* _Your task_
Among the lines below, output only those between the line holding "DiamondCelebritees10K Real Yellow" and the line holding "spring, parsley Intricate", inclusive, exactly as written and with no pictures.
== Available data
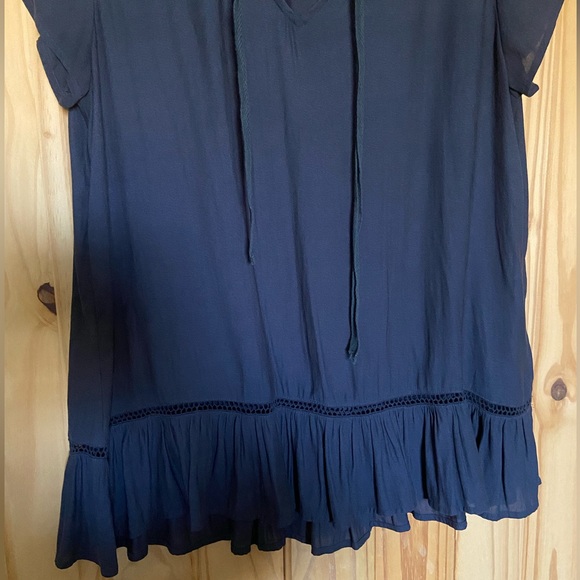 Short Sleeve Ruffle Sheer Top - Navy Blue - Picture 3 of 4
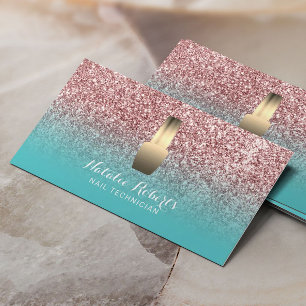 Cartão De Visita Teal Dourado Rosa do Artista de Makeup Técnico de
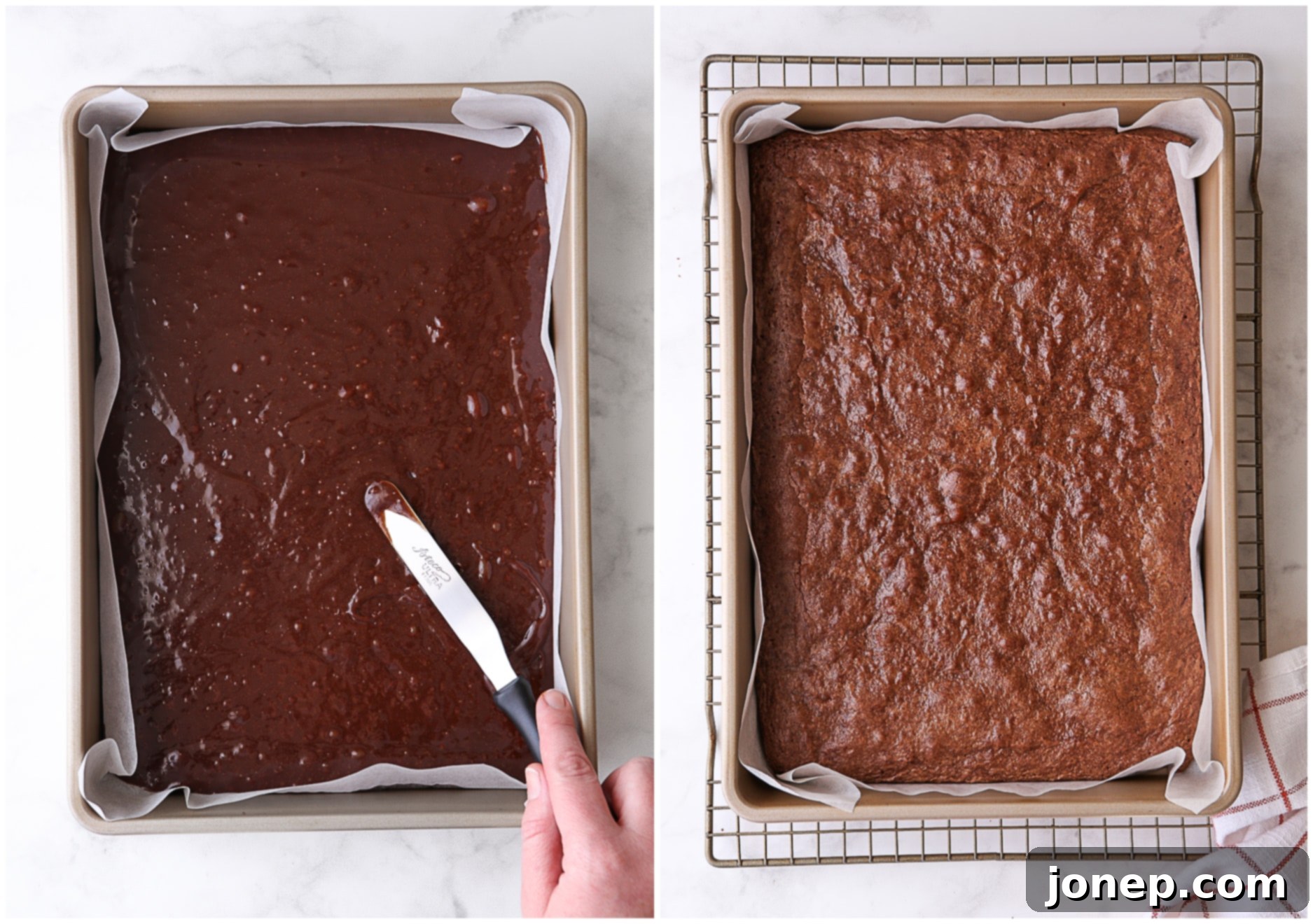 Freshly baked brownie in a baking pan, golden and slightly puffed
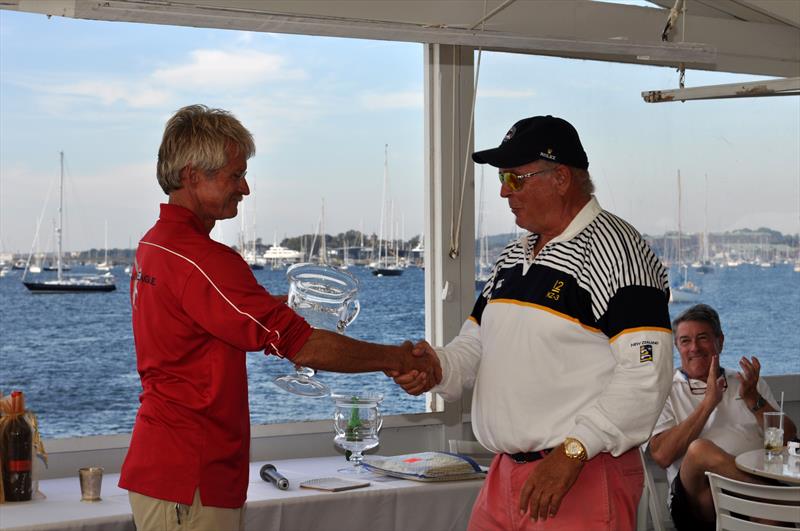 Herb Marshall with Gunther Buerman (KZ-3) during the 12 Metre North American Championships photo copyright SallyAnne Santos / Windlass Creative taken at Ida Lewis Yacht Club and featuring the 12m class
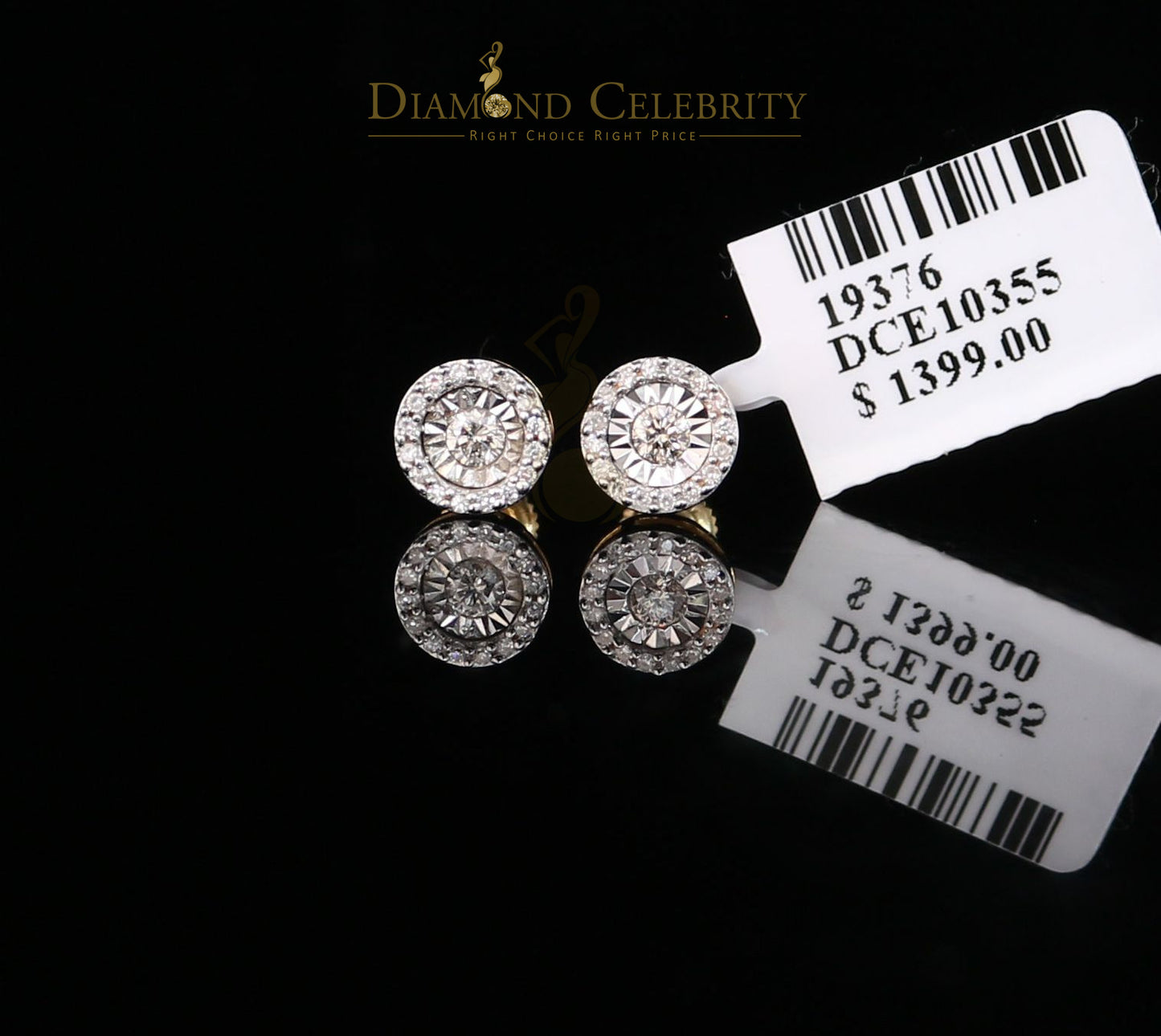 DiamondCelebritees10K Real Yellow Gold with 0.25CT Real Diamond Men's/Women's Stud Earring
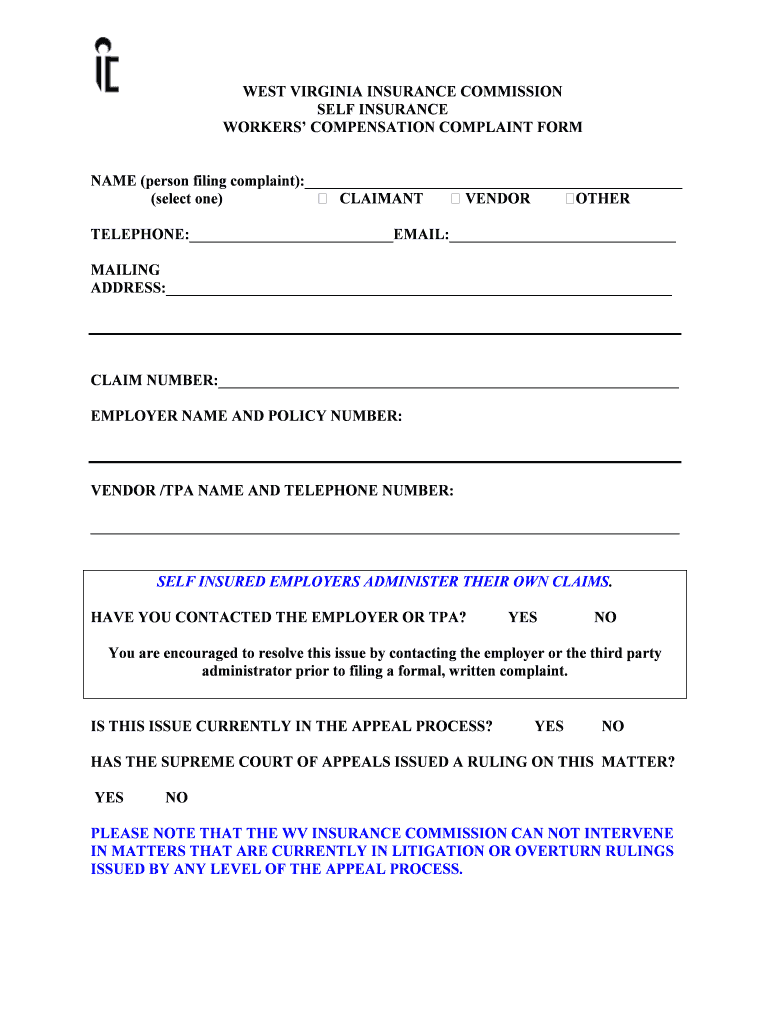 Workers' Comp Complaint Form West Virginia Offices of the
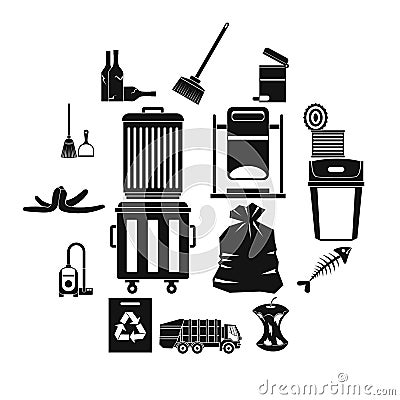 Garbage thing icons set, simple style Vector Illustration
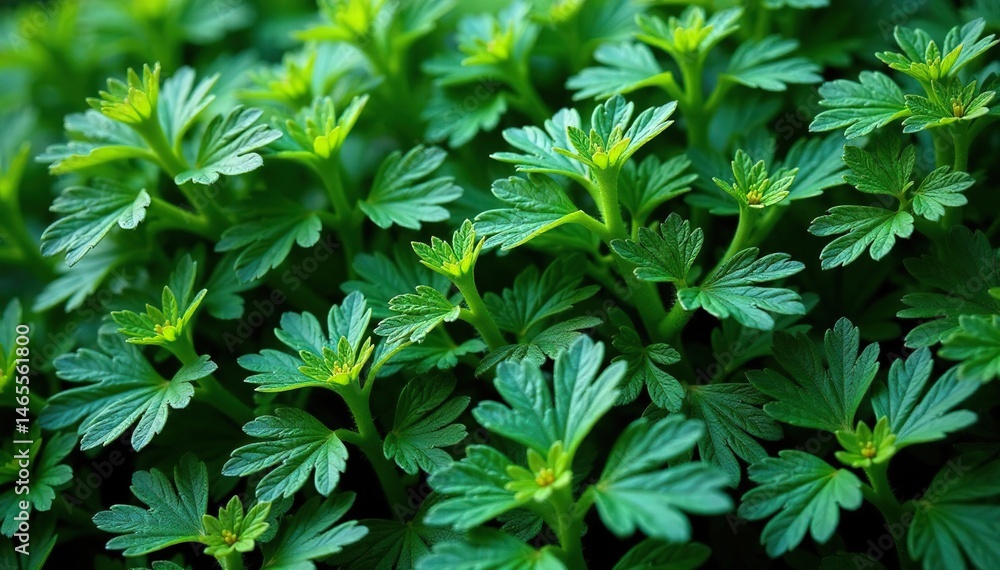Intricate parsley sprig pattern, delicate leaves , spring, parsley Intricate parsley sprig pattern, delicate leaves , spring, parsley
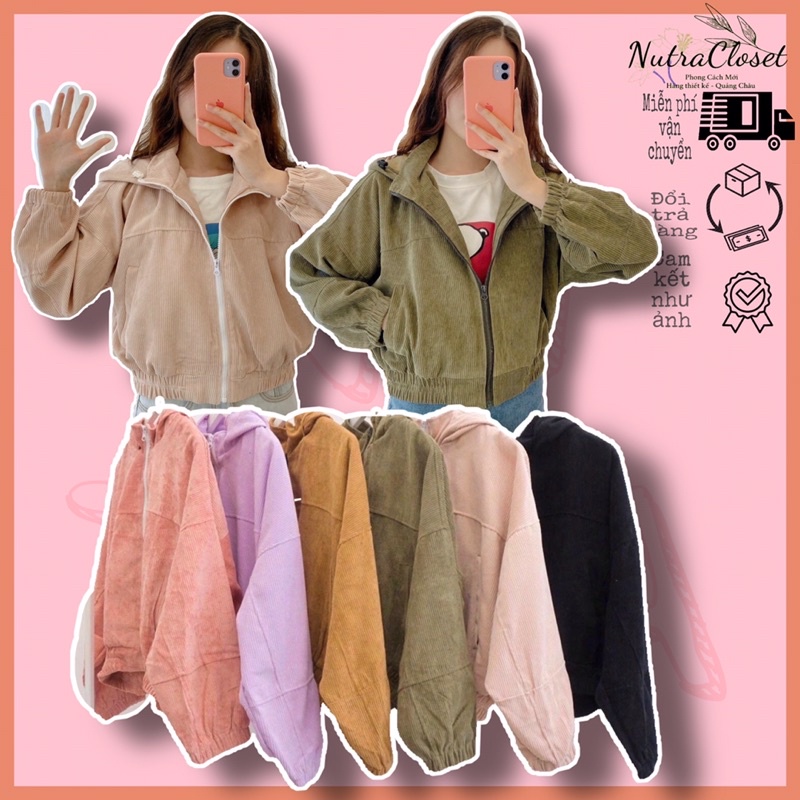 Áo khoác lửng croptop kaki nhung gân tay phồng unisex ulzzang nam nữ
====
* _The completed task_
 DiamondCelebritees10K Real Yellow Gold with 0.25CT Real Diamond Men's/Women's Stud Earring
 Workers' Comp Complaint Form West Virginia Offices of the
 Garbage thing icons set, simple style Vector Illustration
Intricate parsley sprig pattern, delicate leaves , spring, parsley Intricate parsley sprig pattern, delicate leaves , spring, parsley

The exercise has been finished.